On Wed, Mar 3, 2010 at 10:09 AM, Mr. MailingLists <mailinglists at soul-dev.com
> wrote:

> On 03/03/10 09:41, Raymond Norton wrote:
> >
> > Mr. MailingLists wrote:
> >
> >> On 03/03/10 08:10, Raymond Norton wrote:
> >>
> >>> I need to set up a box at our pop to sniff inbound and outbound
> traffic.
> >>> I want to set it up as a passive device, or connect to a monitoring
> port
> >>> on our switch, so if the box fails it does not kill our traffic. The
> >>> device will need to be able to monitor thousands of connections without
> >>> choking. I am pretty sure I would only turn it on when it seemed there
> >>> was suspicious traffic at one of our member schools. Any
> recommendations
> >>> of a stable solution with a nice interface??
> >>>
> >>> Raymond
> >>>
> >>>
> >> YAY a fun question!!!
> >>
> >
> >
> >
> > I used to keep a snort box around for sniffing, but not at this scale.
> > Do you think it would be a good solution for my setup, as long as it
> > meets the hardware specs?
> >
> >
> >
> I absolutely believe so.
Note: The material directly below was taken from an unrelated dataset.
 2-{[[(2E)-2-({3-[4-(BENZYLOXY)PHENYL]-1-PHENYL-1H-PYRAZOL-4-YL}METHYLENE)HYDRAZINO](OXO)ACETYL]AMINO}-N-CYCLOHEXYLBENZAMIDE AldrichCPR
It was designed to be a IDS for large
> infrastructures and as long as you match the specs, plus maybe 20%
> better in case of bursts (and have scalability options), I know this
> would be a great solution. I wish I was only so lucky to go to a school
> where they actively monitored intrusions, as well as possible botnet,
> malware, p2p activity. Well, maybe not p2p ;-), too many valid reasons
> not to.
>
> There are so many ways to configure SNORT, from packet header
> inspection, to deep scanning packet payloads, to anything in between.
> So, if one configuration does not seem to meet your specs, tune away!
>
> Mr. M
>
> _______________________________________________
> TCLUG Mailing List - Minneapolis/St. Paul, Minnesota
> tclug-list at mn-linux.org
> http://mailman.mn-linux.org/mailman/listinfo/tclug-list
>

I'm going to second the SNORT option, I currently use it to monitor very
large throughput networks and have used it to monitor gigantic networks.
I've also set it up very similar to what I think you are trying to do to
capture selected data from the wire.  I setup a rules file with rules that
match the traffic I'm looking for and it will sit there and log it all.
Basically a sniffer or network recording device with a complex rules
algorithm that could allow me to capture as simple or as complex as I want.
For instance, capture all TCP port 80 or all tcp port 25 with a certain
phrase in the packet or a packet with certain flags set but not others.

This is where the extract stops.